Since the S107 update, my Sling feature has not worked. I did a reset on the receiver and this has fixed all three things mentioned above. One thing I'm noticing on my phone is that the stream is widescreen and filling in the entire phone WITH MY TV TURNED ON. I previously was unable to do this with the phone. I do notice that the stream is being cropped on the left and right though. I've never really payed attention to this before, so I do know if this was previously the case. Changing the format and/or both the aspect ratio in the app doesn't anything pertaining to this.


----------



## satlover25

> SlingPlayer Mobile is compatible with all versions of the iPhone and iPod touch. You will need to purchase SlingPlayer Mobile from iTunes App Store and be reimbursed by DISH.
> Please note, only one SlingPlayer Mobile App credit per DISH Network account.

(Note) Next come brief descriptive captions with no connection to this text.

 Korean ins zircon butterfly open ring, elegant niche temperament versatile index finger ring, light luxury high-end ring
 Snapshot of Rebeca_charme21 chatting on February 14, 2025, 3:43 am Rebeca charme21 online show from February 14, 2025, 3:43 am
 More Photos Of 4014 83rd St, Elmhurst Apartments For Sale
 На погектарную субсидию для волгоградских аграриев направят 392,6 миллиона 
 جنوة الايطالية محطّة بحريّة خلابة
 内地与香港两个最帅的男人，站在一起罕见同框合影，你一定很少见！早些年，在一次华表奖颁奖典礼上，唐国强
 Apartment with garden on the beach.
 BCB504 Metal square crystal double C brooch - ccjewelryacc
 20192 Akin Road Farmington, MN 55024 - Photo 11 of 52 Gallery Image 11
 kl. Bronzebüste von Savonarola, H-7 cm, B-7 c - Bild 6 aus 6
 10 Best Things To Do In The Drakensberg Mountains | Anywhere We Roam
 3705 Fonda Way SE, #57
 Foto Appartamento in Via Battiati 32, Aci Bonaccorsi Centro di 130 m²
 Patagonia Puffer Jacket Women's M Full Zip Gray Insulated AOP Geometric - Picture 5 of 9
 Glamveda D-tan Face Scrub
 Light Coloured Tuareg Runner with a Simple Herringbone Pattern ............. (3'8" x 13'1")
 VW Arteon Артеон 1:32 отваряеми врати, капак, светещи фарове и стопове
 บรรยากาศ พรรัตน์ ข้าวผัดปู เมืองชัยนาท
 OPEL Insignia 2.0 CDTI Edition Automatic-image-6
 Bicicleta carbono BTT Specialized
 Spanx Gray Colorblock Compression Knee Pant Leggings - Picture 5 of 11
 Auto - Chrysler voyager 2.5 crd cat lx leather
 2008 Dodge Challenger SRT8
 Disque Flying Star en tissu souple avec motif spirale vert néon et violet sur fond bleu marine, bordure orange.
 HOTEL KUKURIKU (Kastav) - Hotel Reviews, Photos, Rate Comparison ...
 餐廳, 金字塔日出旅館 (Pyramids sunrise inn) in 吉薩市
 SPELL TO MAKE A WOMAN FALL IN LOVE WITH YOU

Hello, presently I have an iPod Touch and in the very near future I will have the Sprint Evo. I only have connectivity with my Touch via wireless. I would prefer to connect via the Evo's 3G (4G not available in my area) all the time. Has anyone used the Android app; and if so do you like what you see? Thanks.


----------



## olguy

satlover25 said:


> Hello, presently I have an iPod Touch and in the very near future I will have the Sprint Evo. I only have connectivity with my Touch via wireless. I would prefer to connect via the Evo's 3G (4G not available in my area) all the time. Has anyone used the Android app; and if so do you like what you see? Thanks.


I have the app on my HTC Hero and it works okay. And sometimes it works better at home via my wireless than Sprint. But yeah, in my opinion it's worth the money.


----------



## harsh

phrelin said:


> My computer screen is 16:9.


Most computer screens are actually 16:10. This doesn't explain or justify this problem, but I wanted to make sure we're all on the same page.

I suspect the problem has something to do with what represents an integer divisor of the original picture matrix size. Scaling a little larger may introduce some serious aliasing issues that these hand-held devices can't compensate for.


----------



## jikhead

satlover25 said:


> Hello, presently I have an iPod Touch and in the very near future I will have the Sprint Evo. I only have connectivity with my Touch via wireless. I would prefer to connect via the Evo's 3G (4G not available in my area) all the time. Has anyone used the Android app; and if so do you like what you see? Thanks.


For the most part, it works fine for me. You occasionally get some hickups here and there in the connection stream but I think that's to be expected. I sat at the dealership a few weeks ago waiting on my car and used it for about 45 minutes straight and pulled up some DVR shows to watch while I waited. I live in Little Rock, AR which is former Alltel HQ and I'm on VW. So I have a pretty solid 3G area with this being Alltel's backyard. The only issue I have with using it is that is really sucks battery usage. That 45 minutes of usage was almost half the battery life on a standard battery.


----------



## PhantomOG

jikhead said:


> *UPDATE:*
> 
> I've got it figured out and this may be the problem you are having as well. As I was writing this above, I tested it again but this time it was back to the way it was last night. At first I thought maybe it's the difference between wifi and 3G...nope. So the only thing different was I was also watching on my TV; where as when in my car on the way home the TV was off. So I tested this and this is definitely the cause. So I guess when your TV is on, it has control of the HD signal in the box and your Slingplayer will only get SD. When the TV is off and nothing else controlling the box, you can turn your Slingplayer on the phone and get the full HD screen on the phone. I did have to change the auto screen option to widescreen, the 3rd option in the little popup in the screen. Give this a test on yours and let me know.


anybody else get this to work? I tried the above and get the same 4:3 cut off picture on my phone (HTC Thunderbolt android phone on Verizon). Anything else I need to try? I tried both in Solo and Duo mode, didn't make a difference.


----------



## PhantomOG

Ok, well judging by the response to my last post either not many people are using the Dish sling app with android phones or they are not seeing the same problem. Anyways I did some more testing last night. Here are my results:

The suggestion that your main tv has to be off is true with some major caveats. I was finally able to get this working reliably with the following setup/rules. I have a 922 and an HTC Thunderbolt on Verizon.

1. The 922 DVR has to be completely "off" for you to get full HD/16:9 picture on your phone. And you do have to select the correct zoom as jikhead suggested. The important thing here is what is considered "off".
*All lights on the front of the 922 have to be off except for the blue light in the top right corner (I think it says "turboHD" or something similar).

2. You can't change channels and get a 16:9 stream. Once you change channels you are stuck in SD 4:3 until you turn off your DVR again. I haven't figured out how to do this from the phone yet, don't know if its possible. I did try hitting the power button on the 922 remote, however, it turned off all the blue direction lights but did not turn off the yellow light for Solo/PIP. This on/off mode also failed to deliver a 16:9 stream to the phone. I had to manually turn the DVR on and then off again from the DVR remote to get all lights off.


Seems pretty buggy... hope this gets fixed!


----------